Our primary purpose is to advance our agendas, which involves keeping the Runner from stealing them. To protect our uninstalled agendas, we will need to install ice on, and upgrades inside, our HQ and R&D. To protect our installed agendas, or the occasional nodes, we will want to establish subsidiary data forts. In order to make sure we have enough ice to protect our data forts, we should, as a start, try a deck with at least 25% ice cards. Finally, we must remember to obtain enough bits to pay for rezzing our nodes, upgrades, and ice, and to pay for advancing our agendas and playing our operations.
There are five types of cards in our Corporate deck: agenda, ice, node, upgrade, and operation. The following sections explain the special rules for and layout of each type of card.
Agendas: Agendas are data associated with our secret projects, generally projects to improve our Corporate infrastructure or advance our mission.

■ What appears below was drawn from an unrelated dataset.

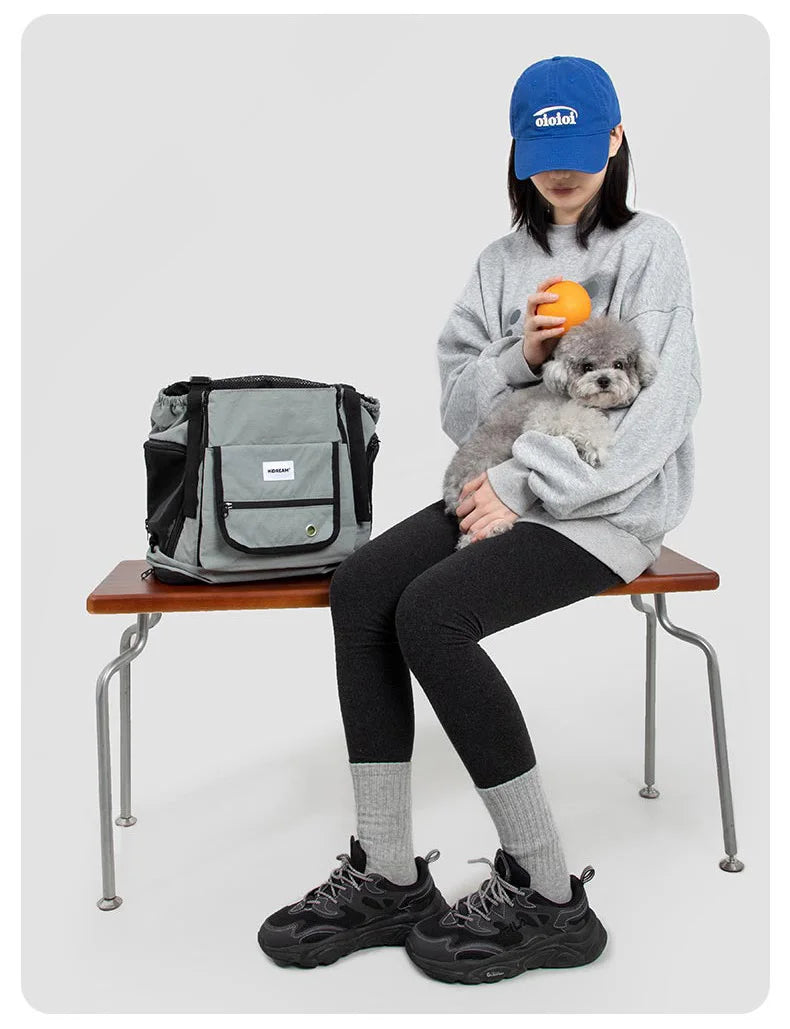 Pet Carrier Backpack for Cat Dog Airline Approved Ventilated Breathable Front Back Travel Hiking Outdoor Bag Small Puppy Kitten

In any case, agendas are highly sensitive data, theft of which could affect the value of our Corporation. Agendas are installed vertically and face down, and only in subsidiary data forts. Only one agenda or node card can occupy a given data fort at a time. If we wish, we can overwrite an existing agenda or node on our turn, which means to opt to trash it as part of the action of installing another agenda or node in its place. The number of advancement counters required to score the agenda, the difficulty of an agenda, is located in the symbol in the upper right corner of the card. The number of agenda points the card is worth is located in the symbol in the lower right corner of the card. Any bonus we might get for scoring the agenda is explained in the text box. Such a bonus is active as soon as it is applicable.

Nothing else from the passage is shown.